--- START ---

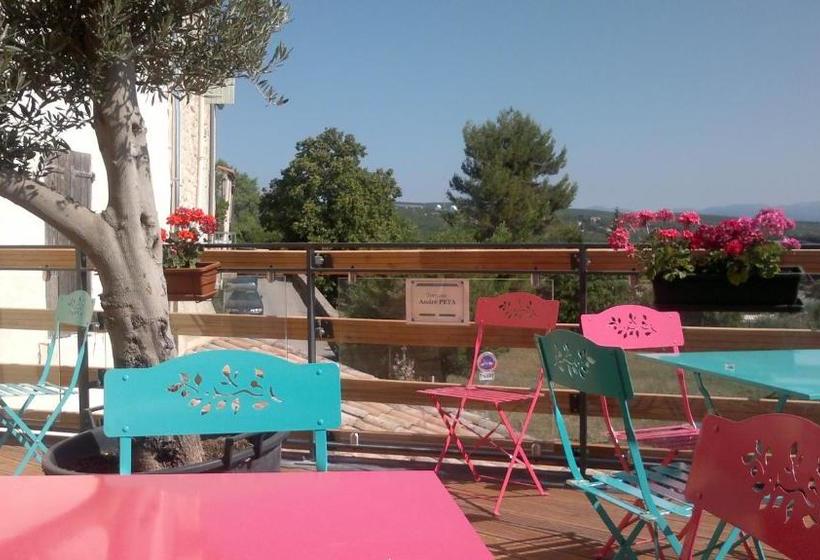 בית מלון כפרי Hôtel Galilee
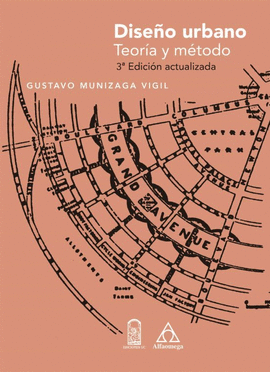 E-BOOK DISE�O URBANO, TEORIA Y METODO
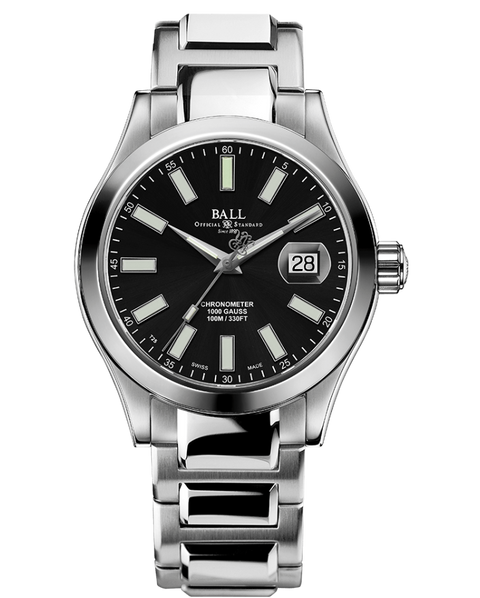 Ball Engineer III Marvelight Auto Chronometer 40MM NM9026C so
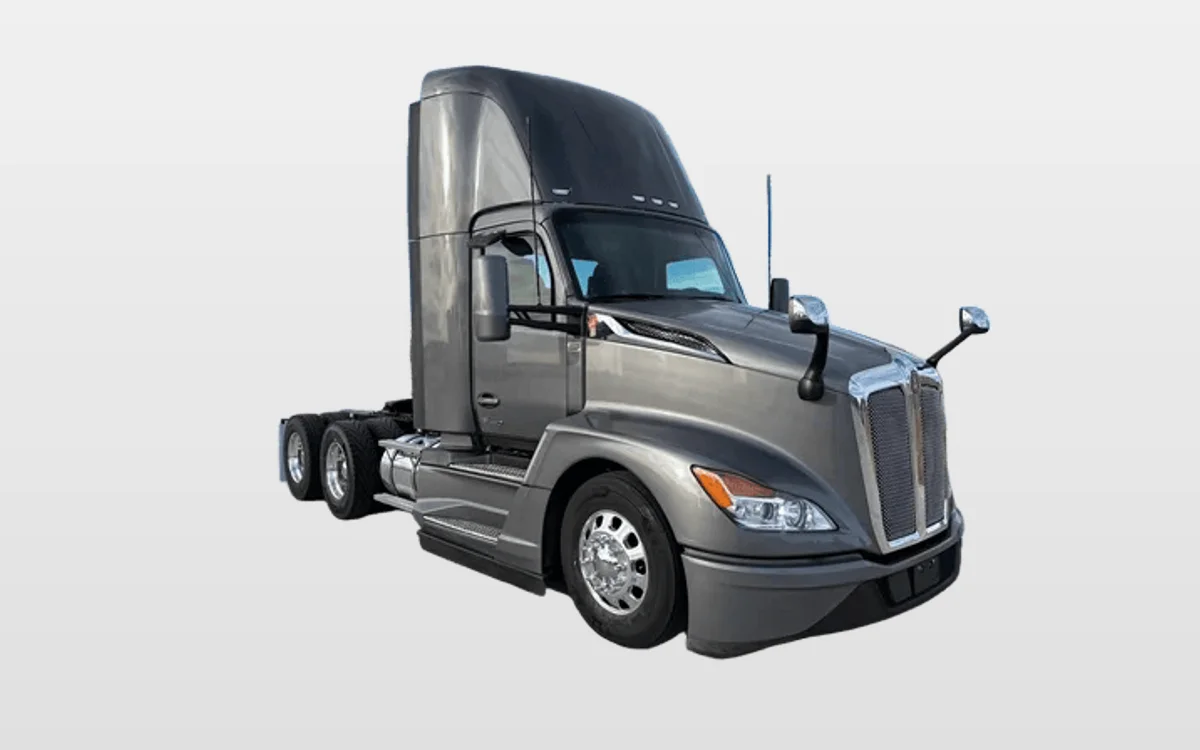 2024 Kenworth T680 — photo 1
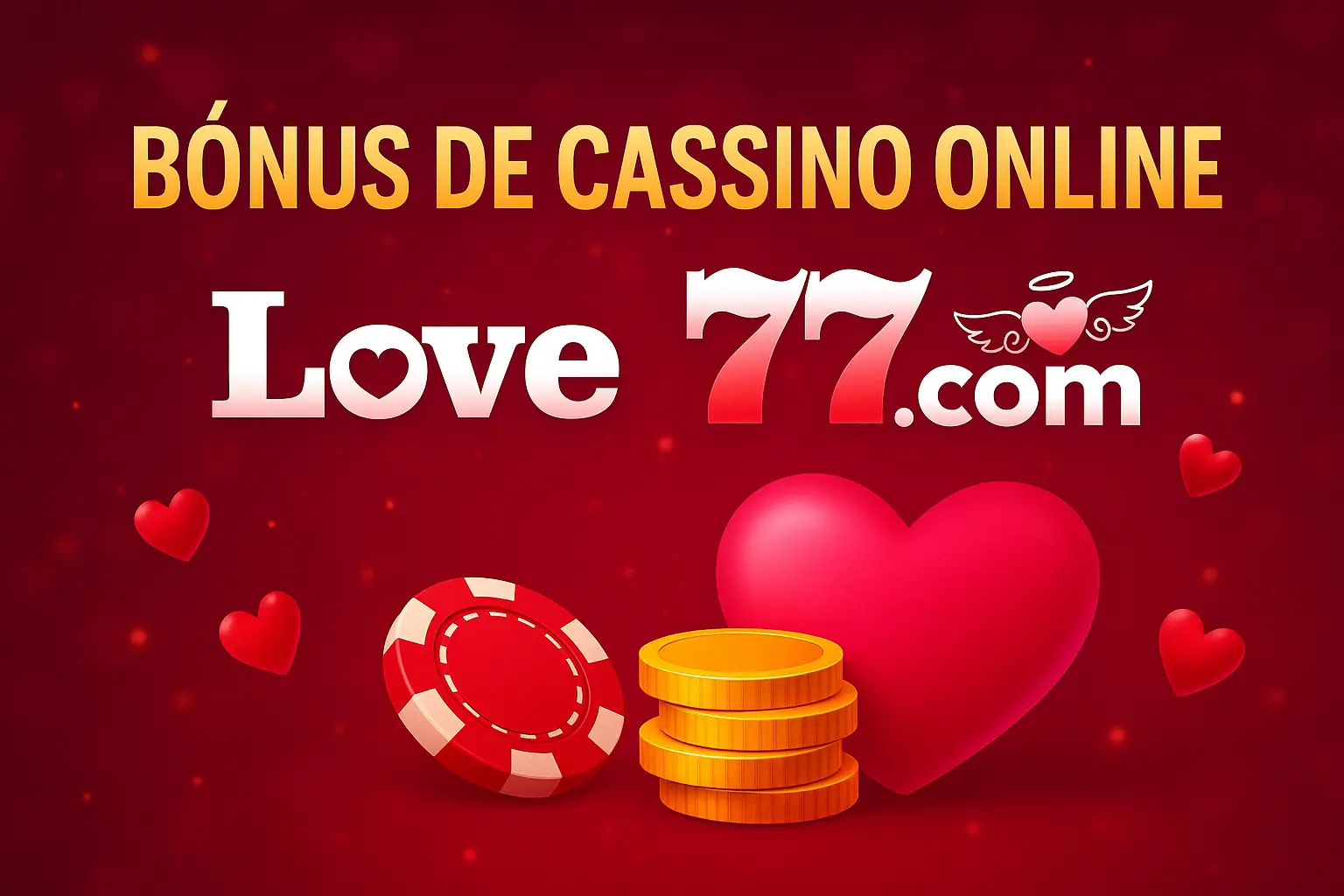 O bônus promocional Love777 é uma ótima maneira de começar sua aventura
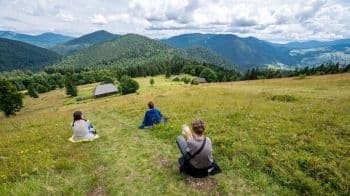 5 причин з'їздити до Карпат восени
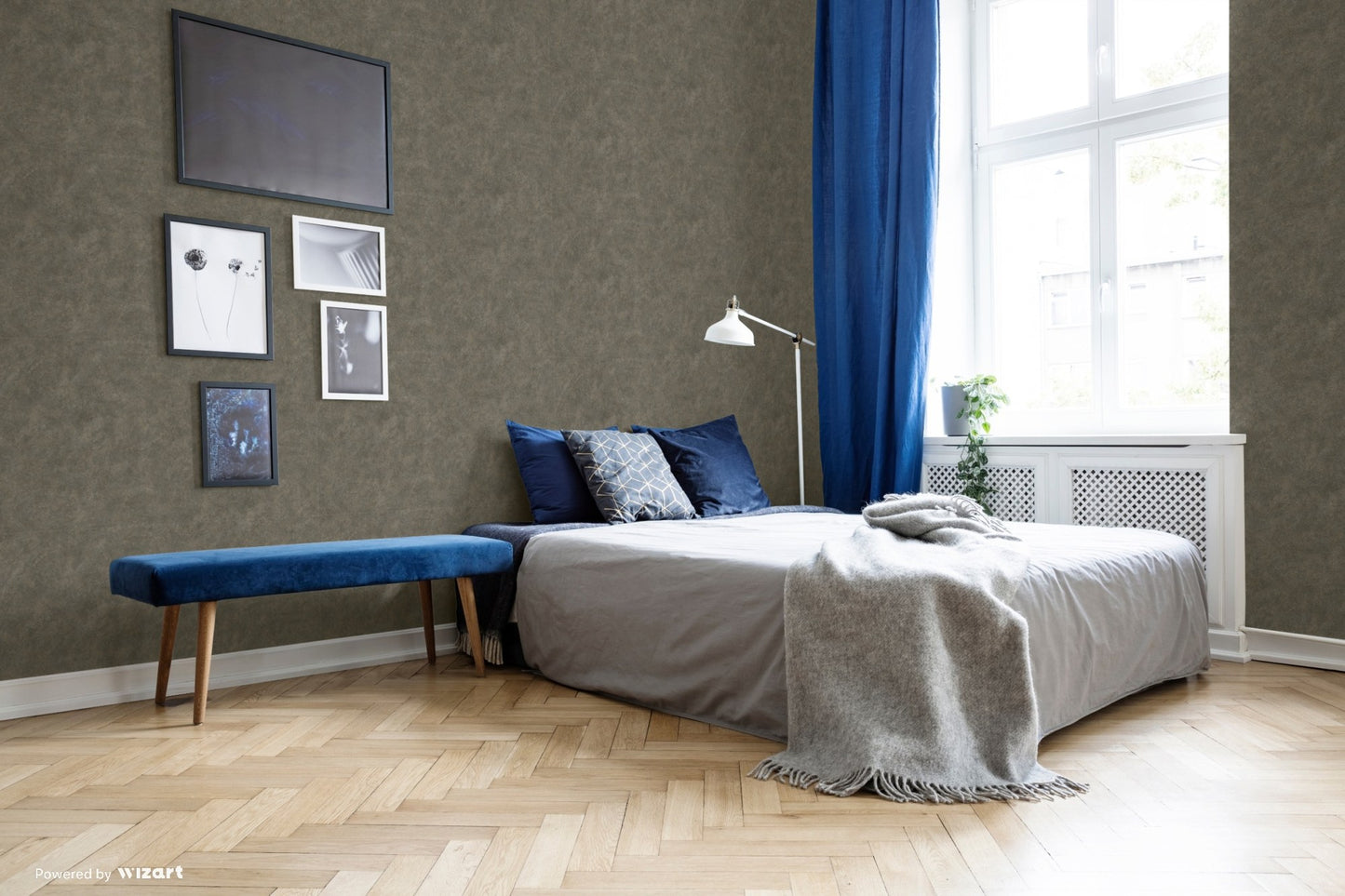 Atelier Alfa 3717-7 room wallpaper by La Belle Maison
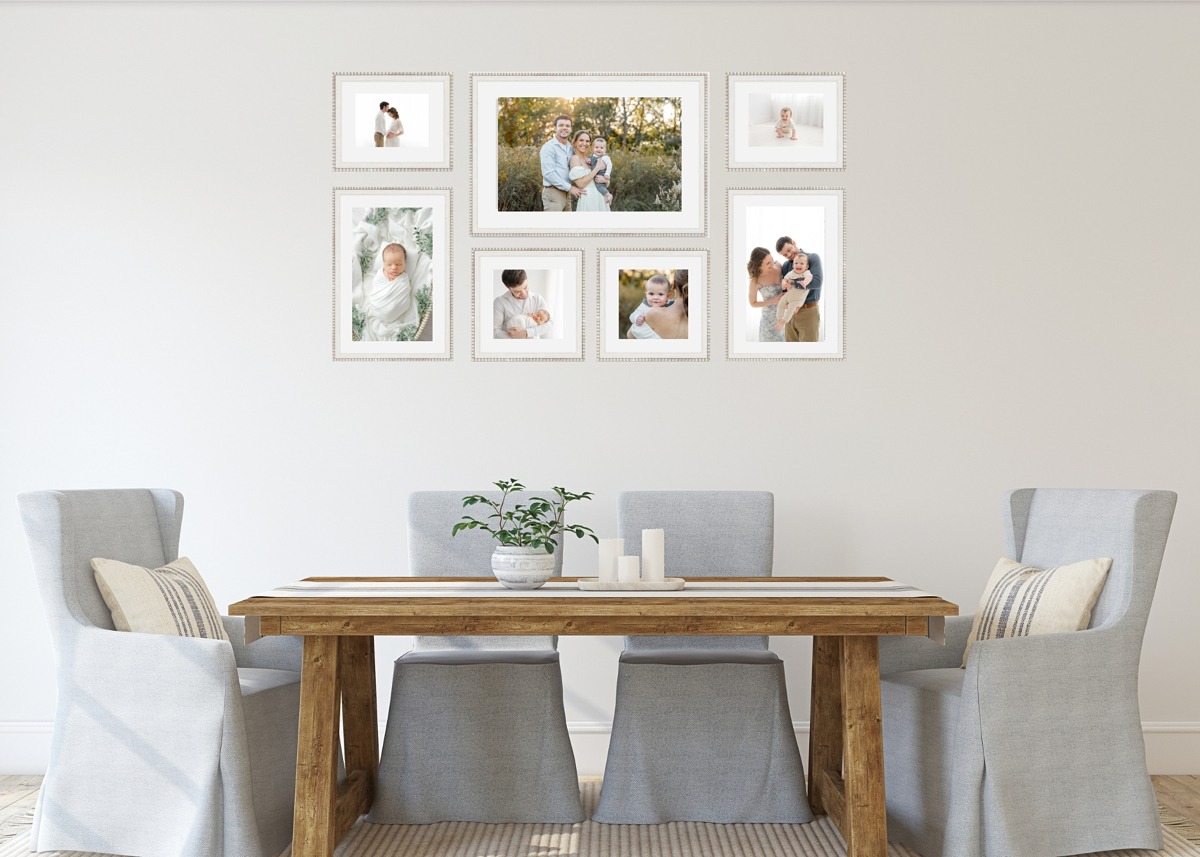 Documenting Baby’s First Year: From Maternity to First Birthday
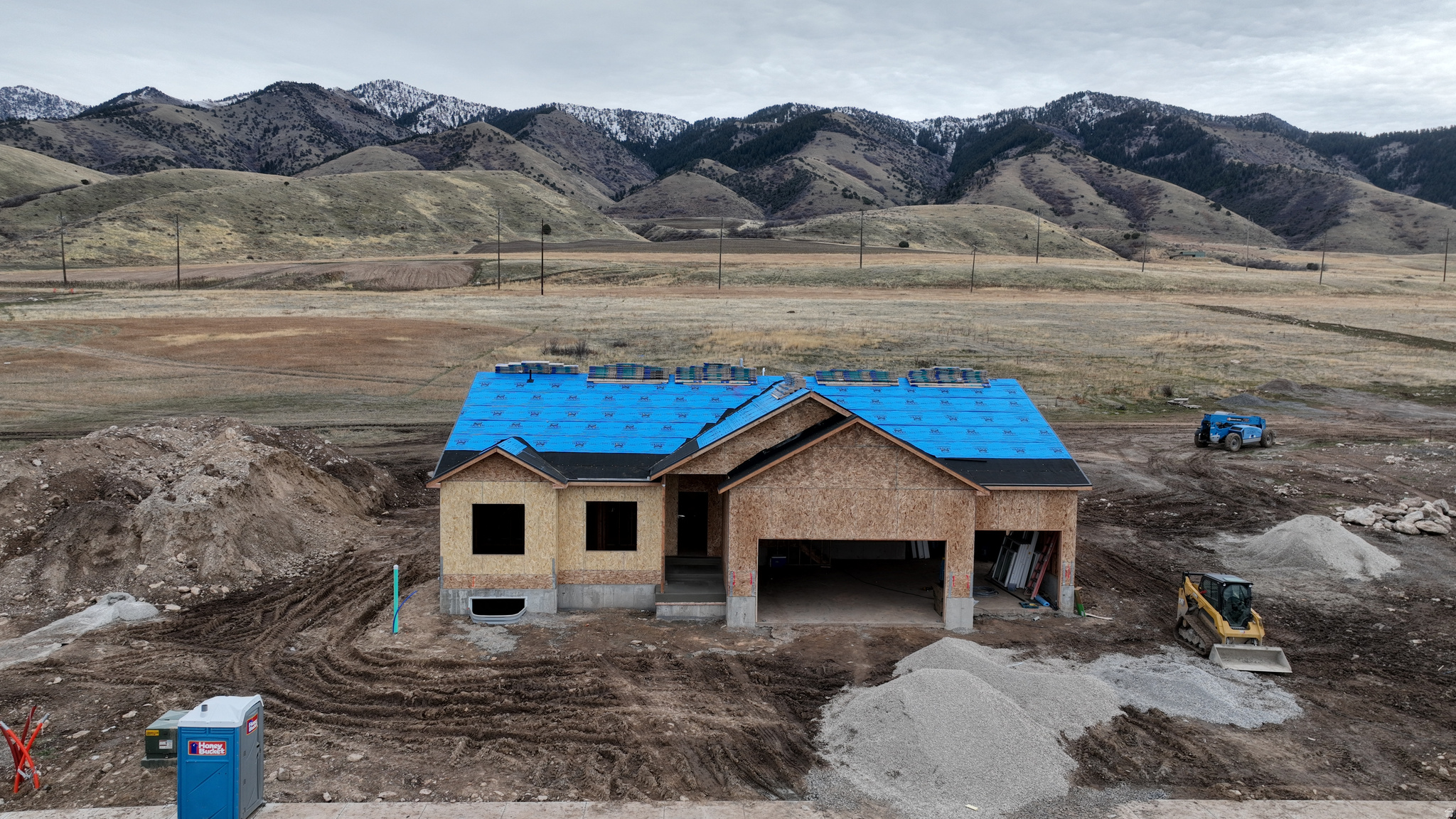 CEDAR BLUFFS SUBDIVISION PHASE 2 - Residential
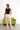 Off White Cargo With Utility Pockets - BonkersCorner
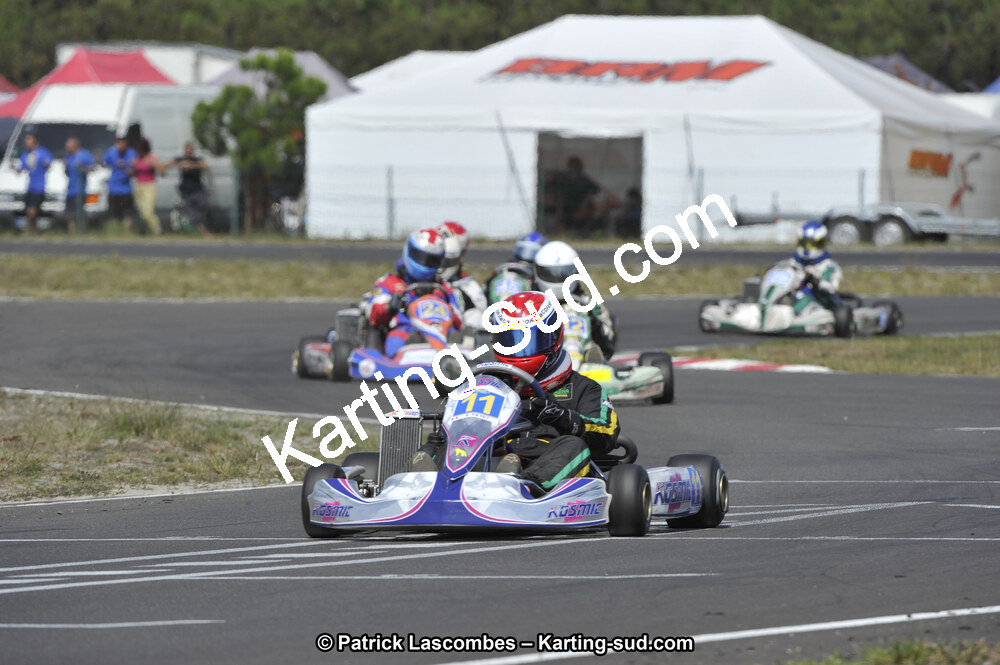 22/07/2012 : Trophée Kart Mag 2012 à Escource (Photos Patrick Lascombes) 2012 — karting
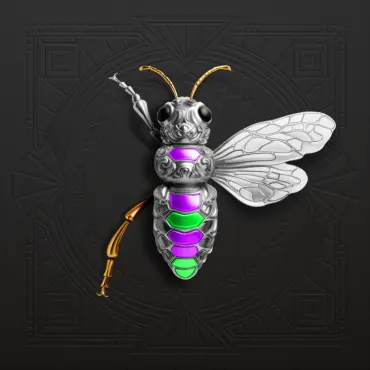 WAX Bee 013891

--- END ---

Your instructions | Your answer must be the lines from the one containing "CEDAR BLUFFS SUBDIVISION" through the last line of the records, both included, written out exactly and without pictures.

Result of this task |
 CEDAR BLUFFS SUBDIVISION PHASE 2 - Residential
 Off White Cargo With Utility Pockets - BonkersCorner
 22/07/2012 : Trophée Kart Mag 2012 à Escource (Photos Patrick Lascombes) 2012 — karting
 WAX Bee 013891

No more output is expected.